Warum ein Make-up Artist beim Business Shooting den Unterschied macht
In dreizehn Jahren als Make-up Artist habe ich viele Gesichter aus dem Frankfurter Corporate-Bereich in der Maske gehabt – Banken, Agenturen, Anwaltskanzleien, Wirtschaftsprüfer und viele mehr. Manche davon sind Kamerasituationen absolut gewohnt. Aber viele eben nicht – und genau für diese Menschen macht es einen riesigen Unterschied, wenn jemand sie vor dem Shooting abholt, ihnen ein gutes Gefühl gibt und dafür sorgt, dass sie entspannt vor die Kamera gehen.
Genau da fängt meine Arbeit an. Noch bevor das erste Foto gemacht wird.

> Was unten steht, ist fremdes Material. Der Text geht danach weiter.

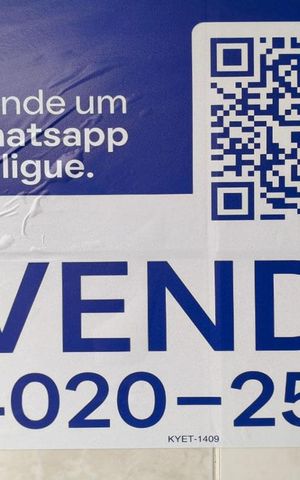 Apartamento à venda com 50m², 2 quartos e 1 vaga Apartamento à venda com 50m², 2 quartos e 1 vagaPlaca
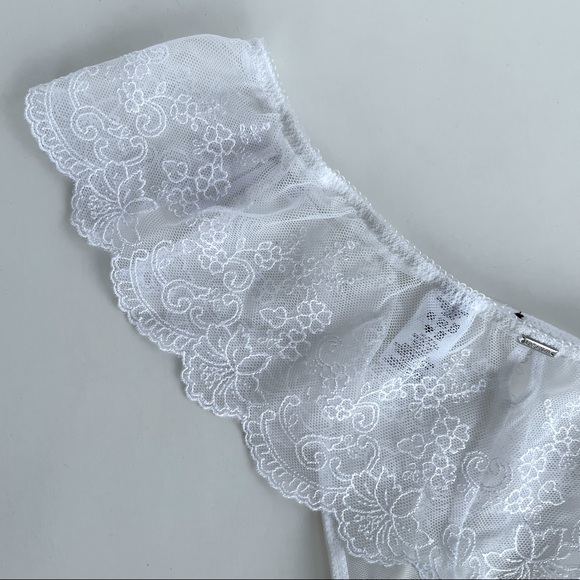 White Mesh and Lace Thong with Bows - Picture 9 of 16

Die Maske ist nicht nur Make-up. Es ist der Moment, in dem jemand kurz durchatmet, sich gut umsorgt fühlt – und mit diesem Gefühl vor die Kamera geht. Dieser psychologische Effekt ist real, und er ist im Ergebnis sichtbar.
Was danach nicht mehr korrigiert werden muss
Ich höre oft: „Photoshop macht das schon." Kann er. Aber was ich in wenigen Minuten in der Maske erledige – Glanz wegnehmen, Rötungen ausgleichen, die Haut ebenmäßig machen – kostet in der Nachbearbeitung zwanzig bis vierzig Minuten. Pro Bild. Fotografen wissen das zu schätzen, denn Post Production ist aufwendig.
Und ja, vieles lässt sich heute mit KI automatisieren. Aber KI-Retusche bleibt KI-Retusche. Sie sieht aus wie das, was sie ist. Was in der Maske entsteht, ist echt – und genau so sollte ein Mensch auch wahrgenommen werden.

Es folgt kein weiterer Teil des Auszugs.